Cheryl O'Neil: So I think once we know that we're in a healthier place around this pandemic, I think we'll probably see organizations wanting people to come back for some of those community connections, nurturing that culture, mentoring and coming back to the office to really get the fulfillment of what you can't really duplicate at home. The other piece is in terms of the equitable experience, is what we've learned. A lot of my coworkers who live in urban centers, who live in a very small amount of square footage and have roommates. Sometimes going to the office is almost a respite from what they've had to experience in the last year and a half.

Zach Dunn: Things that we need to start designing that space for. And you just touched on one that folks may overlook and that is teaching opportunity, or at least you can absorb skills just by serendipity or sitting in close proximity to other folks.

Cheryl O'Neil: Well, we're renovating all of our West Michigan workplaces, and it's been interesting through data collection and certainly ethnography qualitative and quantitative research is really looking at every... You've heard clients early on say the office is only for collaboration, but the reality is based on what your private life might be or the resources that you have or don't have, the office still needs to support individual focus work. So we look at each department as a neighborhood type setting where we supply privacy on demand that's adjacent to where you work, whether that's a phone booth, a meeting room.
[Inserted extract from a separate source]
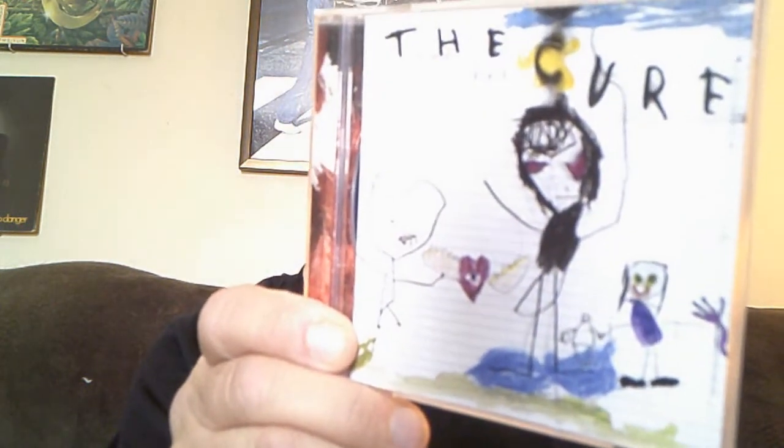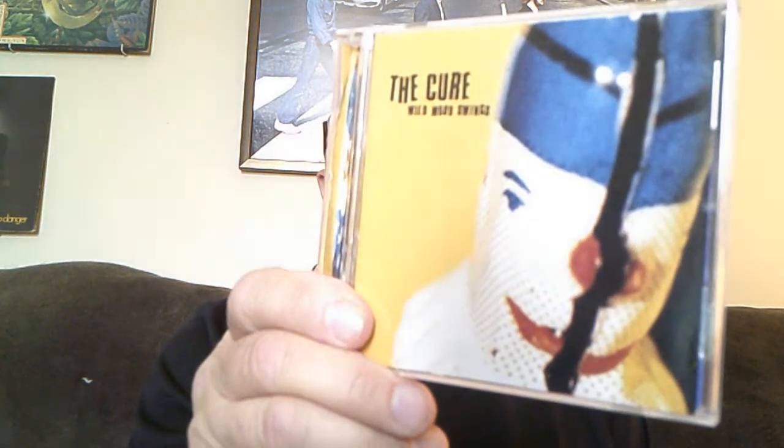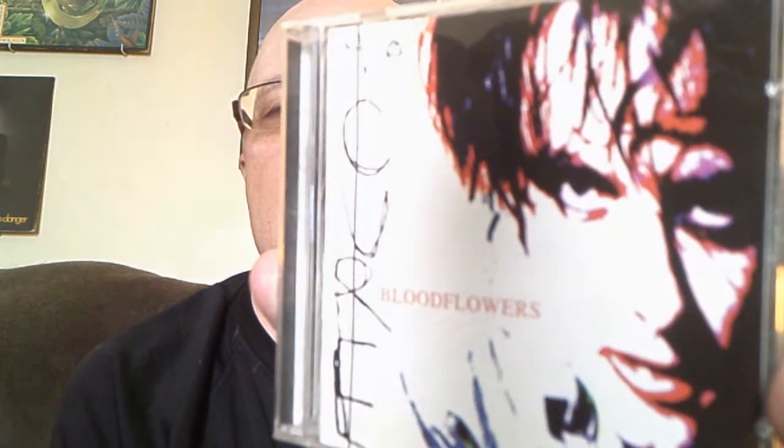Going from Southern Blues rock to The Cure — this is the self-titled The Cure, Wild Mood Swings, Disintegration, and Blood Flowers. Maybe use that as my thumbnail. The Cure is a great, great band.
Cheryl O'Neil: We provide a workshop that you could determine what the layout of that furniture is in a small defined space because safety and circulation are important, but where we're seeing the office is really around that community socialization piece on bringing people together who want to come back to the office, that team collaboration in those spaces to support it but also the importance around having spaces that support individual focus work. So it's really around that variety and choice that those spaces where you can pick where you want to be, and that has always been a tenant of our living office point of view.
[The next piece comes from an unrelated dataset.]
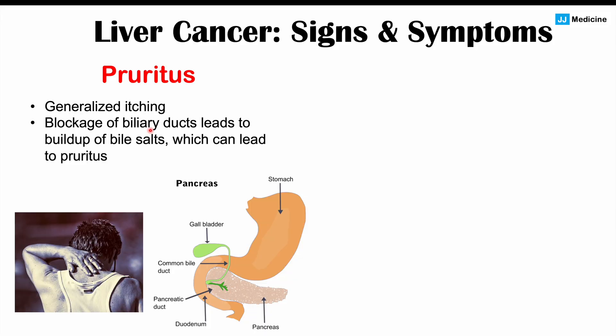The liver produces bile and bile salts, which are stored in the gallbladder. If there is cancer in the liver blocking the biliary ducts and blocking transport of bile from the liver to the gallbladder and beyond, we get a buildup of bile and bile salts. These bile salts spill out into the blood, and as they circulate through the body, they cause itching sensations — this is why we get pruritus.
Zach Dunn: We've talked about two different types of work, focused work and then probably more broadly collaborative work. And for many folks when they're thinking about an office it's basically conference rooms and desks, and they're going back and forth, back and forth in their heads. But what folks have maybe discovered throughout this entire journey over the last few years at bare minimum is, "Hey, you can actually design a space to do a little bit more than just two things." And that's where maybe more conventionally activity based work comes in. And I wonder, for people who are unfamiliar with these concepts, how would you introduce them?

Cheryl O'Neil: We used to base our real estate on, how many workstations? How many private offices and how many meeting rooms? Right? And thankfully we've moved away to variety and choice. So we know from utilization as do you that most of the office had been underutilized for a very long time, because I'm not going to go in and sit at my desk all day if I have a meeting. So sometimes my desk could be empty for a long time. So what we saw is this shift from individual large spaces to really creating some of those more meeting spaces, and it wasn't necessarily another 12 seat conference room. It was really around, oftentimes I want a place where you and I can work together, or it might be a small group, or it might be doing a video conference and I need a space to do that. So that variety and choice around the spaces and the expression of those spaces and scalability has grown significantly bigger.

Cheryl O'Neil: And from our utilization, we know three and a half seats in a conference room is the typical utilization of that space which cues us to say, "We need more two and four person meeting spaces." They could be in the open, they could be semi-open, they could be fully enclosed. When I talk to customers, and that's why design programming is so critical to understanding where people are and the needs that we need to meet and understanding what has worked well or not well, that's where you start to uncover and have that validation process around those variety of space types. And certainly we know we have a building envelope to pay attention to, so how do you increase collaboration? Oftentimes we do look at the reduction of some of those individual spaces as long as they meet the needs of the people doing the work.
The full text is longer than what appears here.